Advents-Verlosung: Das 2. Fensterchen

In today's Advent calendar window, we are giving away 3 DVDs of "Der Schatzgräber" - an opera in a prelude, four acts and a postlude by Franz Schreker. If you would like to win one of the three DVDs, please send an e-mail today with the subject "The 2nd window" to advent@deutscheoperberlin.de.

DER SCHATZGRÄBER (THE TREASURE HUNTER) by Franz Schreker was a triumph at its world premiere in Frankfurt in 1920 and went on to play 44 times at assorted venues over the next five years. It then fell victim to a shifting zeitgeist and slipped from opera-house programmes, with a National Socialist ban on performances sealing its demise.

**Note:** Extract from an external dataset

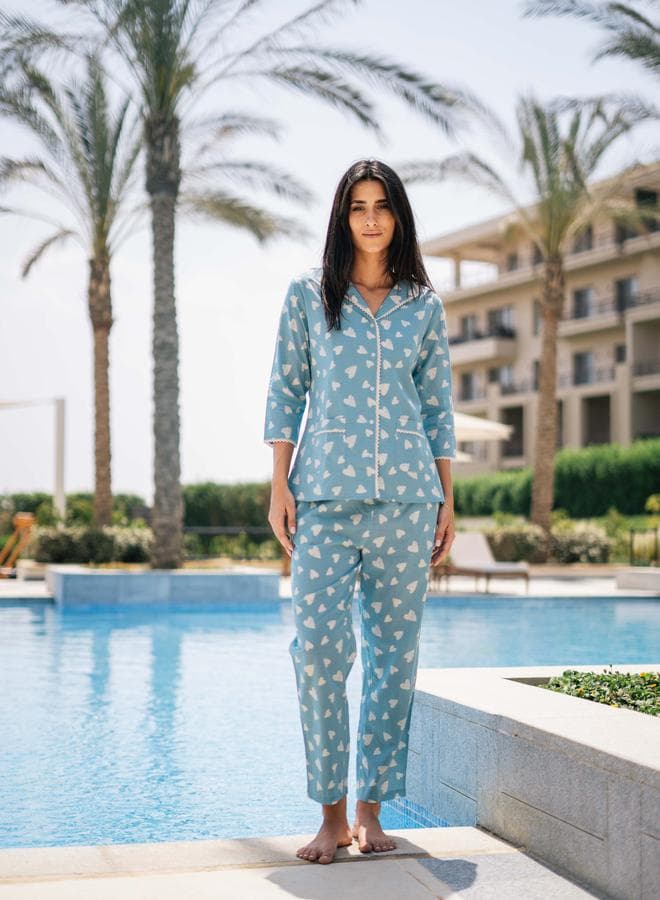 Sanskrutihomes Heart Print Cotton Shirt and Pyjama Set - Image 1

Even after 1945 the Schreker revival was a long time coming – and THE TREASURE HUNTER has not featured prominently in the renaissance.

As with the vast majority of Schreker’s libretti, the story of Els and Elis explores the relationship between fantasy and reality, between art and life. Soulmates in the sense that they are both at the mercy of the king’s disposition, Els and Elis set off in search of different treasures. Elis, the minstrel, uses his magic lute to locate a stash of jewels and do humanity a good turn. Els, an innkeeper’s daughter who has grown up motherless in a tough, male-chauvinist world, becomes a liar, cheat and murderess in pursuit of her goal, tasking her suitors to steal the queen’s jewels and then having them killed once they have returned with the haul of treasure. Yet even with the gold in their possession, the pair are not content, and so, true to form, Schreker turns his attention to the theme of yearning per se, which is the actual “treasure” that the composer is interested in, “a dream of happiness and redemption”. Elis and Els are caught up in a swirl of dreams, memories, premonitions, songs and music. Their stories take on a dreamlike quality in a world beset by greed, murder and emotional inconstancy. For Franz Schreker the path to redemption could only be via art. Composed during the turmoil of the First World War, the TREASURE HUNTER score amounts to Schreker’s personal confession of artistic faith, executed in florid strokes of late-Romantic musical colour.

Conductor Marc Albrecht; Staging Christof Loy; Set design Johannes Leiacker; Costume design Barbara Drosihn; With Tuomas Pursio, Doke Pauwels, Clemens Bieber, Michael Adams, Joel Allison, Michael Laurenz, Thomas Johannes Mayer, Seth Carico, Daniel Johansson, Gideon Poppe, Stephen Bronk, Elisabet Strid, Patrick Cook, Tyler Zimmerman a. o.; Chorus and Orchestra of the Deutsche Oper Berlin



Closing date: 2 December 2023, the winners will be informed by email on 4 December 2023. The DVDs will then be sent by post. Legal recourse is excluded.